As for her plans for next year, Geetanjali is also reconsidering going to university. She shared, “I have recently been thinking about taking a fifth year, but not just because of dance. I was planning to attend the University of Waterloo this fall and study psychology there.” She does not want her first year in university to be spent online: “Your first year of University is supposed to be one of the best years of your life. […] At this point, no one really knows how long this pandemic will last for. I would rather take a fifth year [in high school that’s] online than have my first year of university online.”
Samuel D has been part of the WCI community for only two years. He came to Waterloo from his home country, Brazil, at the start of grade 11 and quickly adapted to his new life here. In the summer of 2019, Samuel went back to Brazil at the time not knowing if he would come back to WCI for grade 12. The following September, Samuel decided to come back to WCI to finish high school. Unlike most WCI students who are now at home in Waterloo, Samuel is now back home in Brazil with his family. He said, “I chose to come back [to Brazil]. I didn’t have to, but it was a good decision because I get to spend time with my family in my own house which is pretty awesome. I also really miss all the close friends I have in Canada that I consider a second family, so I can’t wait till this situation is over so I can come back and see them.”

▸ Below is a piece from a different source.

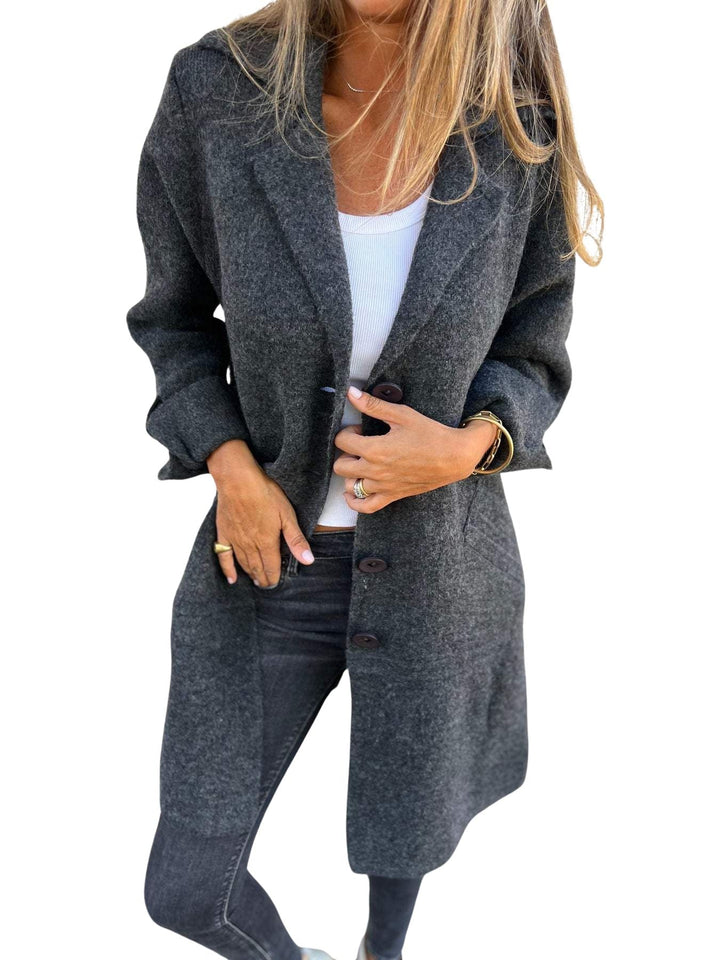 Magdalena | Abrigo largo casual con solapa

Samuel taking a fifth year would be a little more complicated for him than for others. He would have to leave his family in Brazil again to move back to Canada for one more year. When asked if make this move, he said, “I am very upset. This is definitely not how I imagined my senior year ending. I just found out our prom and graduation have been officially cancelled, and it destroyed my day. One of the big reasons why I came back to Canada for grade 12 was prom and graduation. This situation took those away from me. I wasn’t considering a fifth year being an option before, but now I’m starting to think about it and balance my options to make the right decision for myself. This is definitely not how all of us dreamed our last year to be like.”

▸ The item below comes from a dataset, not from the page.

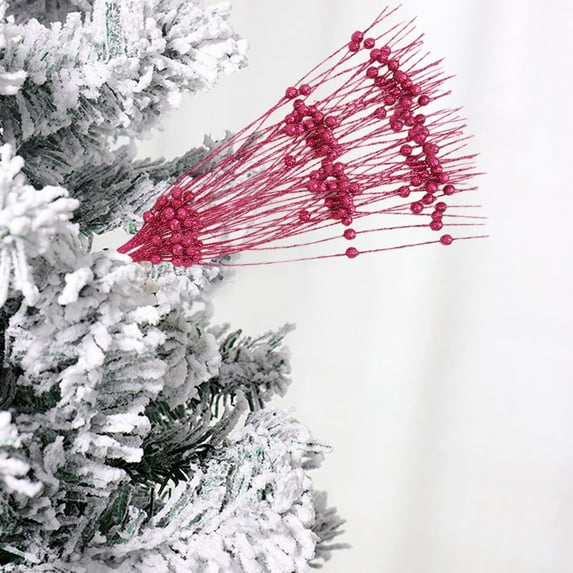 Christmas Tree Cuttings under $5! Cagogo Christmas Tree Decoration Picks, Mixed Berry Pine Cone Spray, Artificial Greenery Stems, Holiday Floral Arrangement Supplies, Xmas Craft Decor DIY Project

Although many students are considering a fifth year, Matthew D is a grade 12 student who has been accepted at the University of Calgary next year, and he plans on moving there in the fall. “The school closures are not as bad for me as they might be for some other people. I notice a very minimal change in the amount of content I’m learning, and it allows me to have more time in my day. There’s no doubt that I miss the social aspect of school, but this closure allows me to have more time to work on other skills and independently learn things that are not part of the school curriculum.”
Matthew went on to say, “I’m not really missing any spring extracurricular activities since I was just part of the DECA team but that had already ended.” When asked if he would consider taking a fifth year, he explained, “I 100% am extremely disappointed in the outcome of no prom and no graduation ceremony. I’ve been looking forward to both of those things since I first stepped into WCI as a Grade 9. Although these are very difficult things to miss out on, I believe continuing on into post-secondary education is far more beneficial to me for my future. It’ll allow me to enter my field of work a year earlier, and I don’t believe high school has many courses left that I would still benefit from.”
These are very unfortunate times for these seniors as there is a chance they won’t be able to experience many things they had been looking forward to this year. For many students taking a fifth year might be their only option left to have their “grade 12 year” back, that is if schools will reopen in time for the start of the new school year in September 2020.